Sálvame acabó con la tele del corazón para hacer una tele de tripas, y no lo digo porque el paquete intestinal y lo que de él sale sea una metáfora más acertada para definir el programa, sino porque destripó la televisión a la vista de todos. Antes, cuando un invitado se arrancaba el micro y se largaba, hacía mutis de verdad. En Sálvame le seguían y le empotraban una cámara para no perder ripio de su enfado y su llanto. El foro, la tramoya y hasta la entrada de actores se convirtieron en sitios familiares. Hubo un tiempo en que incluso pusieron el catering en el plató, para que los protagonistas se lo zampasen en directo mientras se insultaban con la boca llena. Por eso, las grandes purgas que el soviet supremo de Mediaset ha emprendido suceden a la vista: Jorge Javier lleva la cámara hasta la silla del director para hablar de su posible despido.

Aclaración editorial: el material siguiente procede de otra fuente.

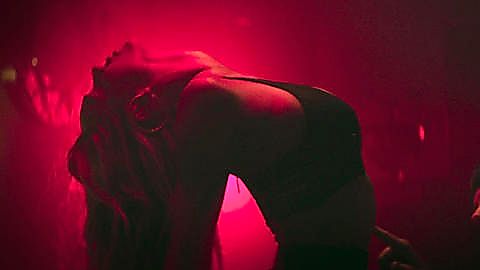 Pic: Alexis Ren in The Enforcer (2022)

Lo esquizofrénico de Sálvame es que hacía metatelevisión (maldición, yo también escribo en pasado, abrumado por la escabechina) y cultivaba un realismo de télé vérité sin omitir una cara desmaquillada ni un cable suelto en los pasillos, mientras defendía su carácter de ficción y espectáculo, como si una cosa no excluyese a la otra. Las víctimas voluntarias y remuneradas de este sacrificio se presentaban como personajes para entretenimiento popular. No hay que darle más vueltas, decían, todo es una impostura, un juego viejísimo al que los famosos se prestan. Esto es verdad, pero no, o tal vez sí. Está llorando, pero no le hagan caso, son lágrimas que se facturan con IVA. Mentira y verdad a la vez.

En un último y redondo giro metatelevisivo, Sálvame debería retransmitir su propio desguace, como un cadáver que habla mientras le autopsian. No será una agonía corta, pues ya sabemos que la brevedad no es una de sus virtudes, pero sí digna de estudio para los teóricos de la narrativa.